**WHAT IS REQUIRED**.
Each line below must be set down exactly; omit any image you find.

**GIVEN MATERIAL**.
>>>>

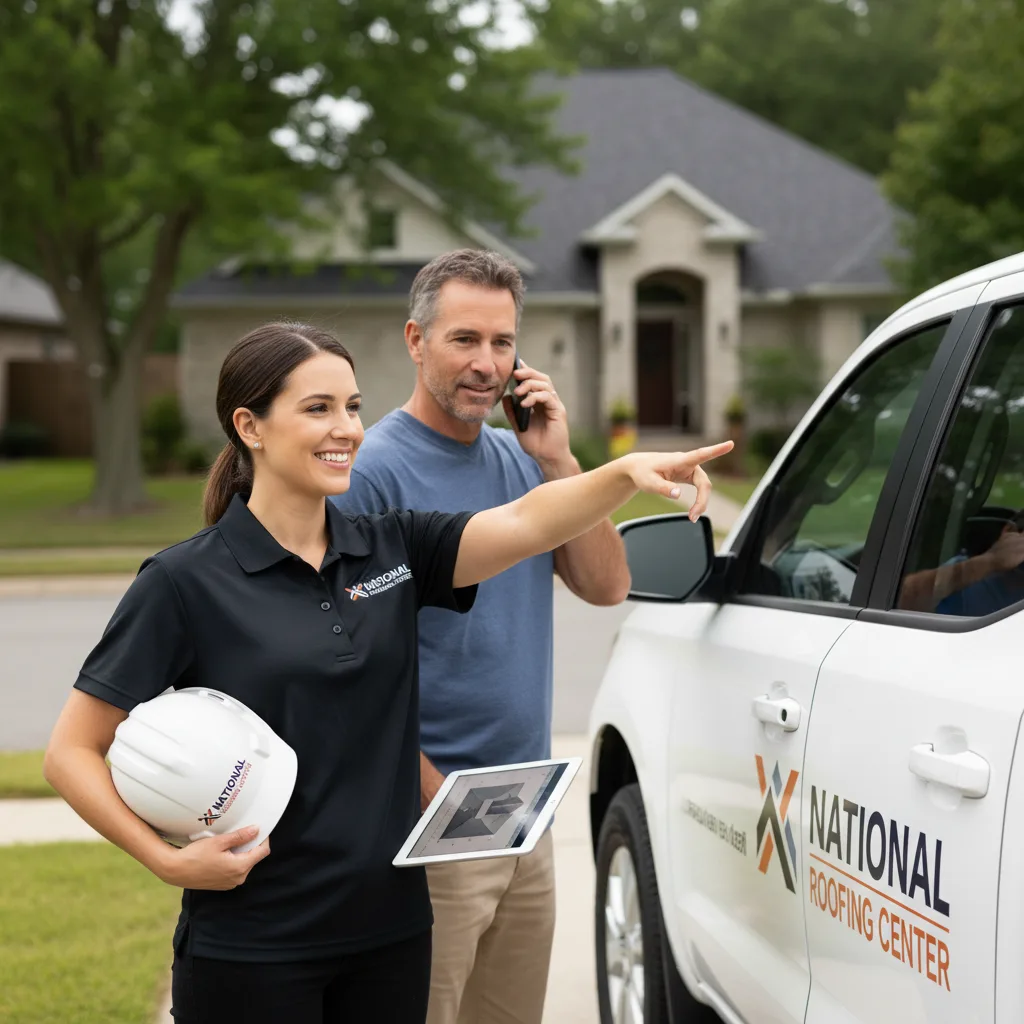 National Roofing Center customer support in Edinburgh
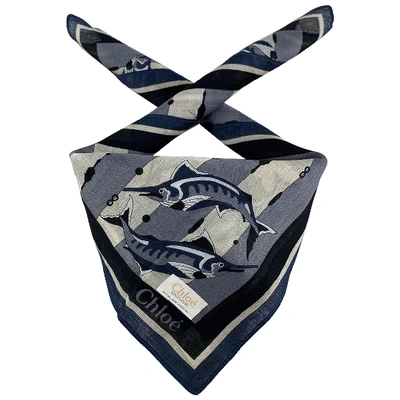 Pre-owned Chloé Neckerchief In Other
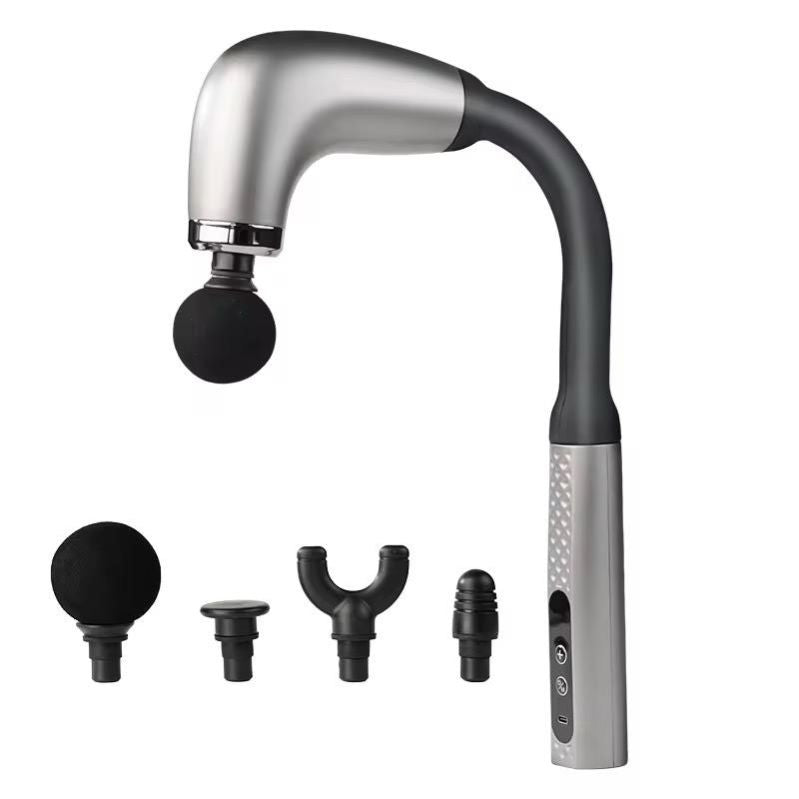 Curved Handle Massage Gun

<<<<

**COMPLETED TASK**.
 National Roofing Center customer support in Edinburgh
 Pre-owned Chloé Neckerchief In Other
 Curved Handle Massage Gun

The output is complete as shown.